ER, DBER, and SoTL are all valuable forms of teaching and learning research. While there is overlap between and across these categories of research, they are not competitors. They exist on a continuum that encourages scholarly approaches teaching and further research on teaching and learning. I would argue that it is the interpretation of the similarities and differences of SoTL, ER, and DBER that friction might emerge, as we typically consider research through our own disciplinary lenses. That might be topic for a future blog all on its own…
So, Erin, I’ll try to answer Twitter question from earlier in November that launched this discussion: “what is the difference between a disciplinary SoTL journal and a DBER journal?” Honestly, there may not be a difference. In some fields, SoTL and DBER might both be published in the same journal. In others, it might be one or the other. I’d suggest that you look at the aims and scope statements for your discipline’s SoTL and DBER journals. Identify which aligns with the work you’ve done in terms of purpose (e.g., add or apply knowledge). If you’re not sure, editors LOVE getting emails from prospective contributors. I really mean this! Send an abstract of your work and ask if it’s suitable for their journal or ask a question or two to guide your efforts. Good luck!
American Educational Research Association. (2018). What is educational research? Downloaded from http://www.aera.net/About-AERA/What-is-Education-Research.
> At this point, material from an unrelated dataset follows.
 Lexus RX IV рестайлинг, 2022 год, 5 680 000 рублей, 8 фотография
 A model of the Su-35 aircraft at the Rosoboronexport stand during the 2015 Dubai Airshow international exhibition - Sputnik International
Felten, P. (2015). Principles of good practice in SoTL. Teaching & Learning Inquiry, 1(1), pp. 121-125.
Larsson, M., Martensson, K., Priace, L. & Roxa, T. (2017). Constructive friction? Exploring patters between educational research and the scholarship of teaching and learning. Paper presented at the 2nd EuroSoTL Conference, Lund, Sweden.
McKinney, K. (2007). Enhancing learning through the scholarship of teaching and learning: The challenges and joys of juggling. Anker Publishing: Boston, MA.
Singer, S. R., Nielsen, N. R., & Schweingruber, H. A. (Eds.). (2012). Discipline-based education research: understanding and improving learning in undergraduate science and engineering. National Academies Press: Washington, D.C.